→ **Exercise directions**
Once the line containing "USAME RMX - Chepi" is found, please copy it and all lines after it through the end of the records, exactly, leaving out pictures.

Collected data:
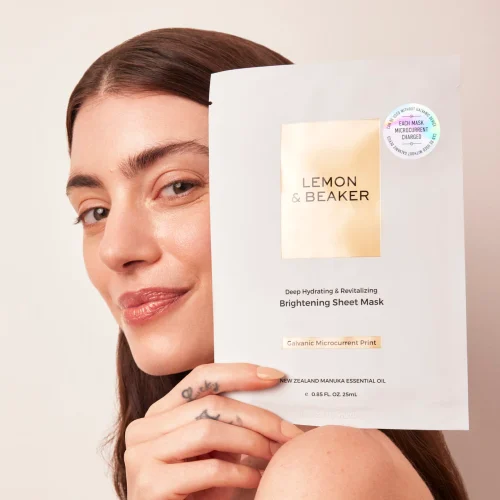 Lemon & Beaker Brightening Face Mask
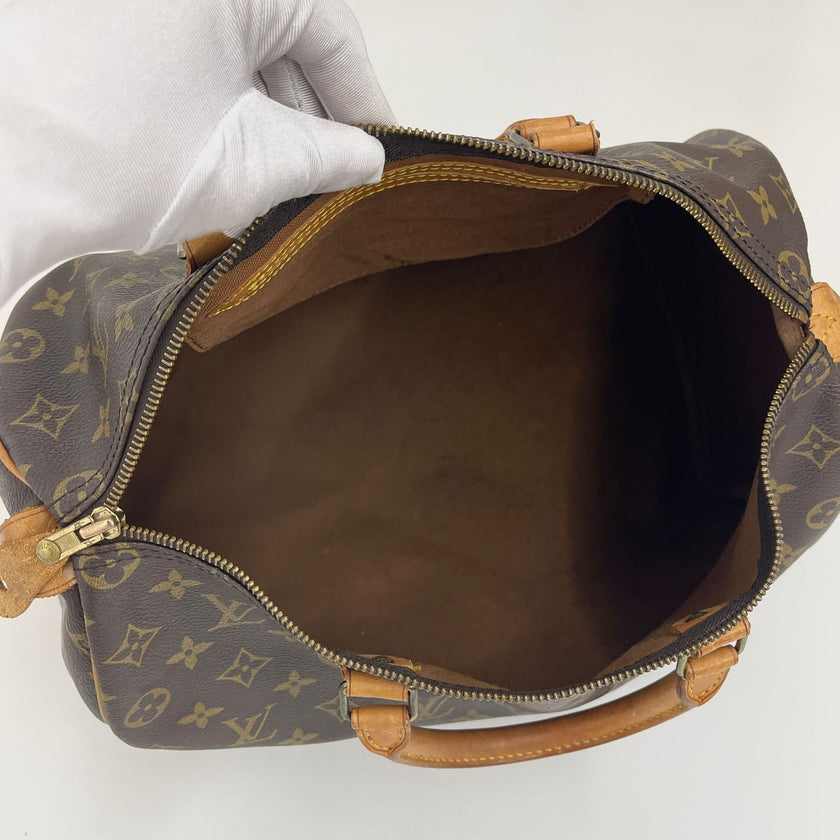 Louis Vuitton Borsa Speedy 35 in Tela Monogram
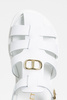 TWINSET Girls sandals in optical white 
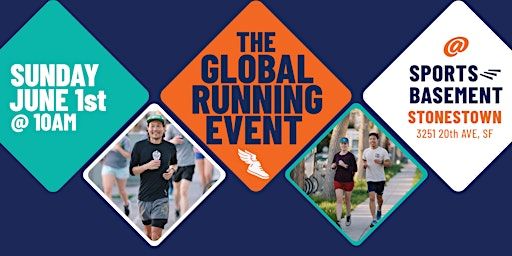 THE Global Running Event! | Sports Basement Stonestown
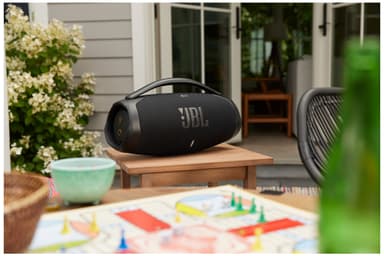 JBL Boombox 3 WIFI bærbar høyttaler (sort)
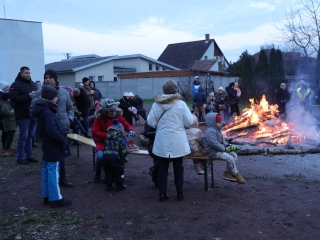 Újtelepre is megérkezett a Mikulás (galéria) - fotó: 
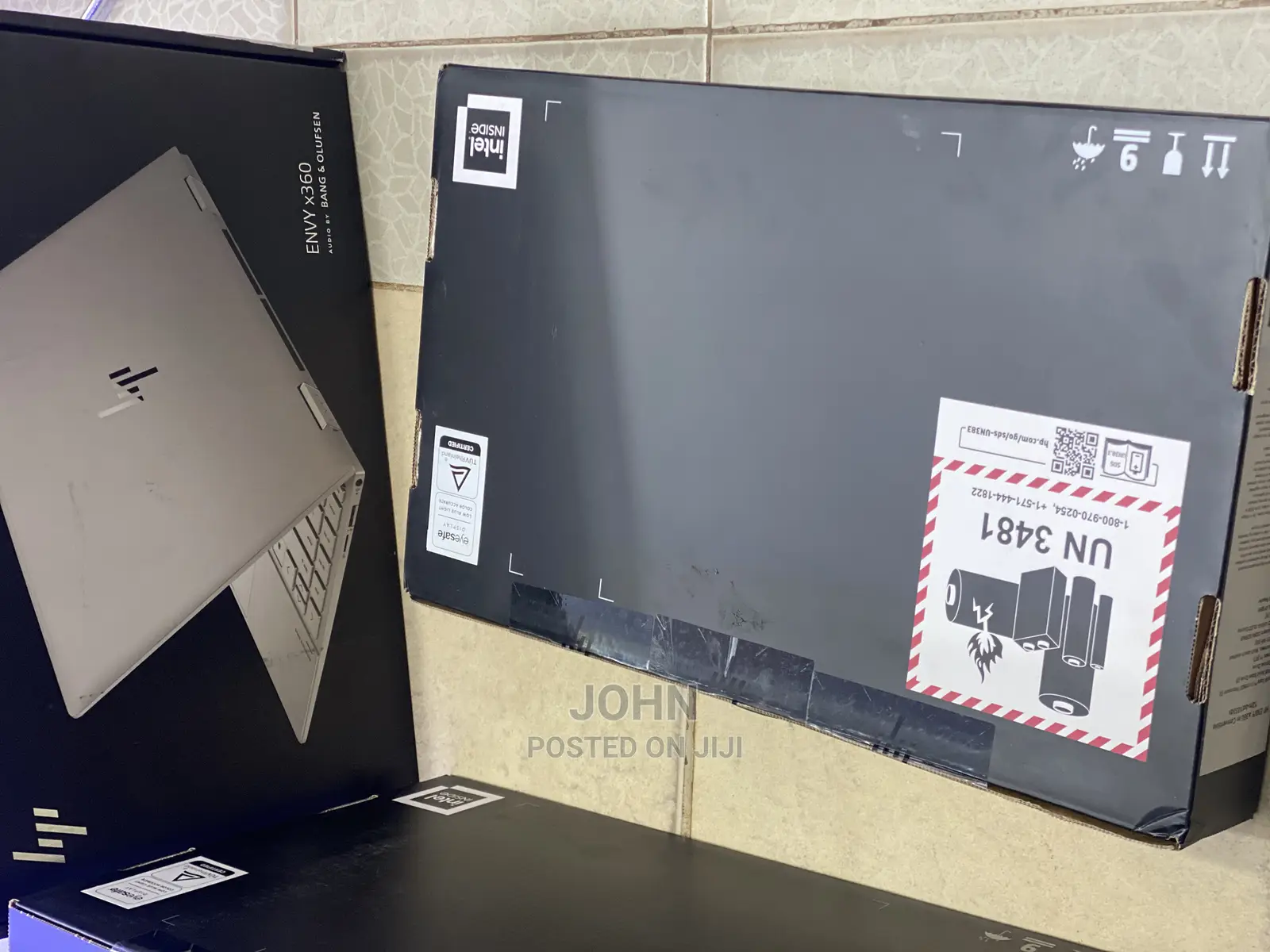 New Laptop HP Envy 13 8GB Intel Core I7 SSHD (Hybrid) 512GB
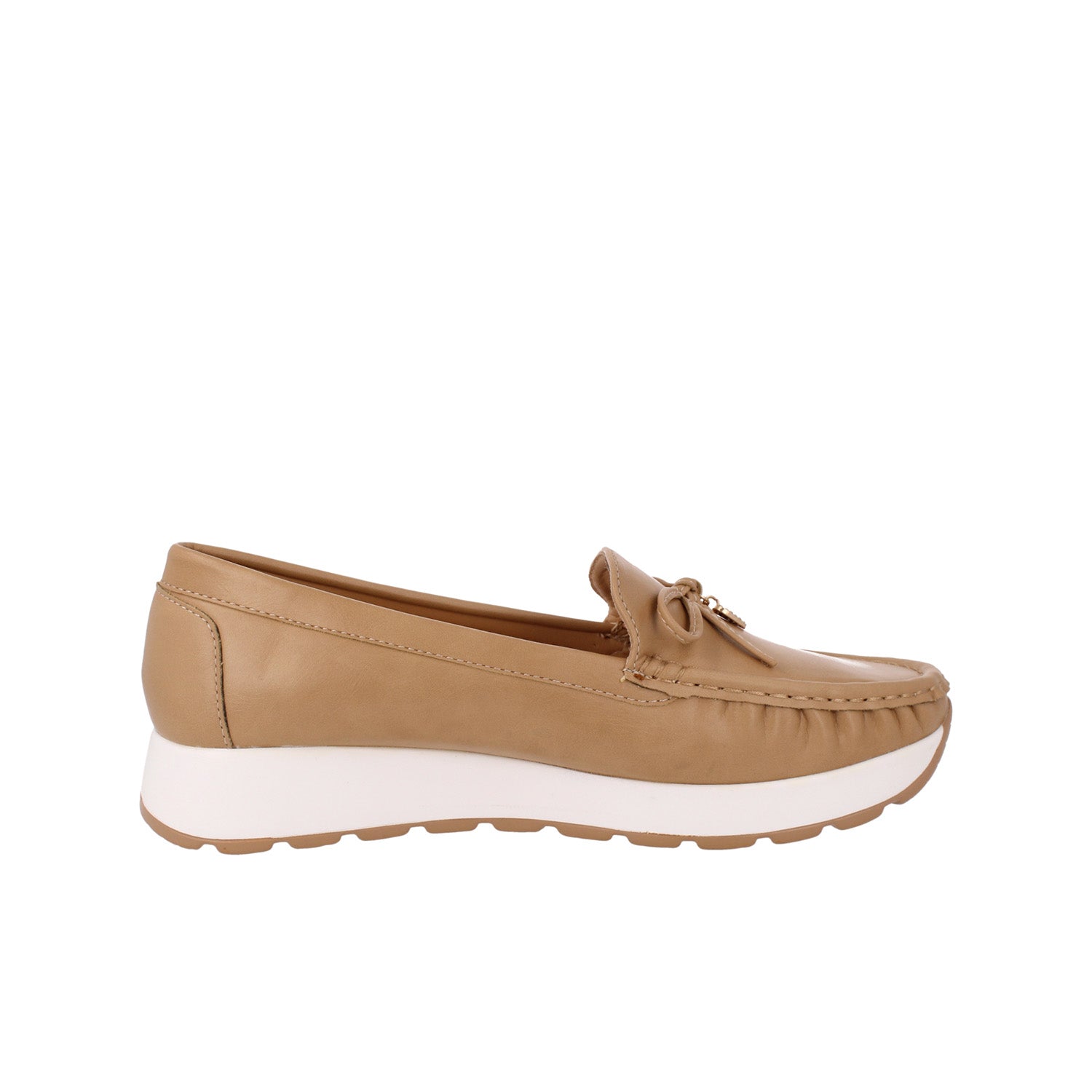Zapato Casual Vazza color Camel para Mujer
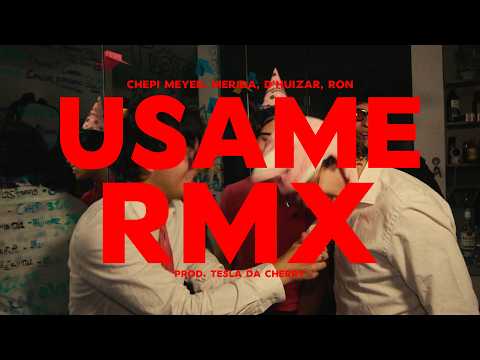 USAME RMX - Chepi Meyer, Mérida, D´Huizar, Ron (Prod. Tesla da cherry) #CASI4LGOS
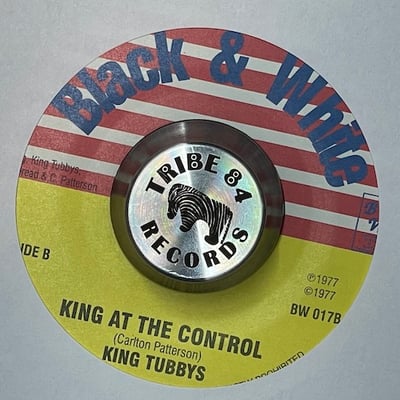 Ray I, King Tubby - Weatherman Skank / King At The Control picture 2
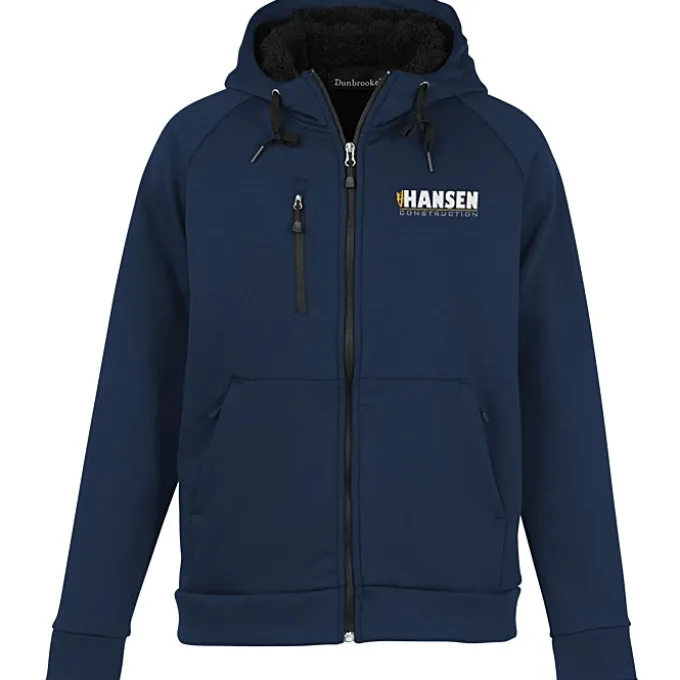 The Shag Sherpa Lined Full-Zip Hoodie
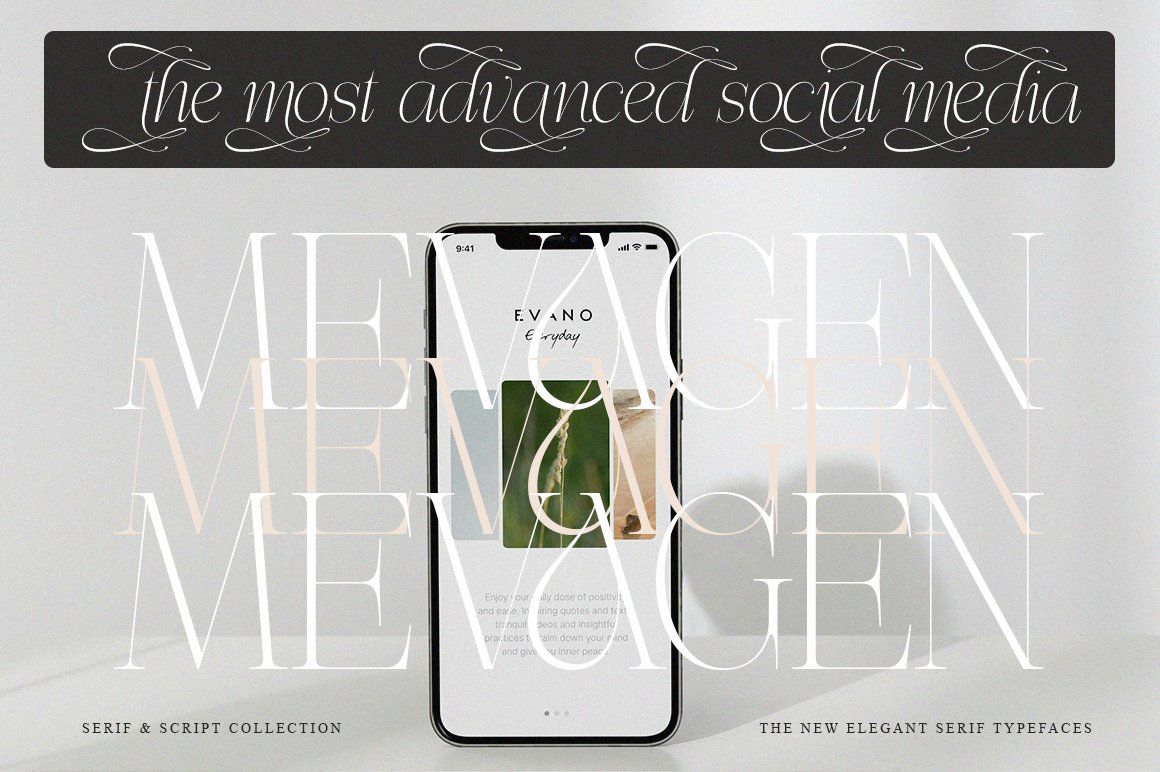 Effidhem Mevagen | 18 Font Files — image 3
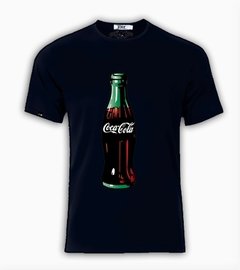 Playera Classica Coca Cola Logo Botella Vintage Femsa - comprar en línea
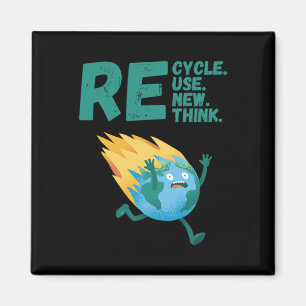 Erneute Wiederverwendung des Aktivismus des Earth Magnet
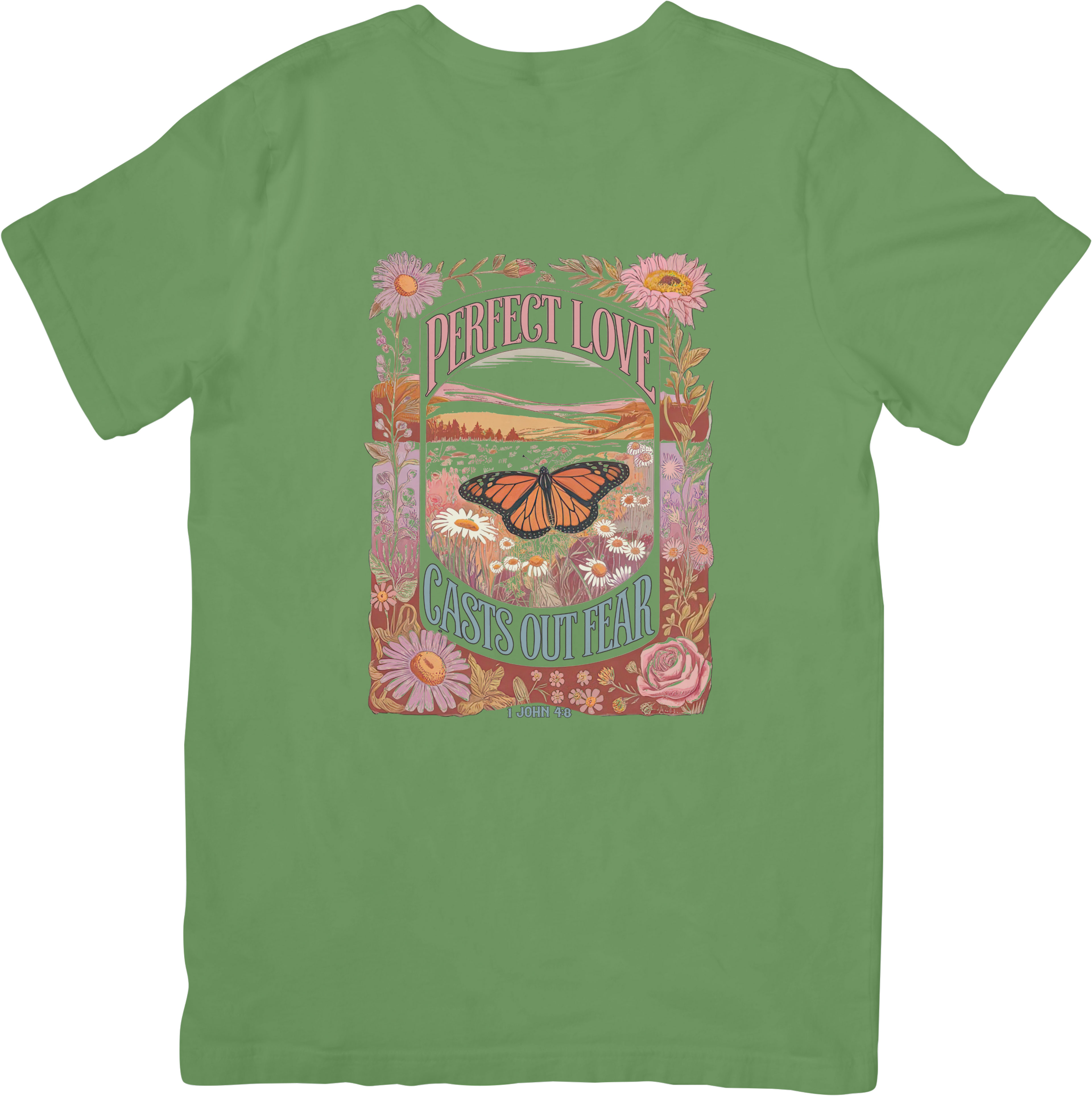 Perfect Love Casts out Fear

→ **Task answer**
 USAME RMX - Chepi Meyer, Mérida, D´Huizar, Ron (Prod. Tesla da cherry) #CASI4LGOS
 Ray I, King Tubby - Weatherman Skank / King At The Control picture 2
 The Shag Sherpa Lined Full-Zip Hoodie
 Effidhem Mevagen | 18 Font Files — image 3
 Playera Classica Coca Cola Logo Botella Vintage Femsa - comprar en línea
 Erneute Wiederverwendung des Aktivismus des Earth Magnet
 Perfect Love Casts out Fear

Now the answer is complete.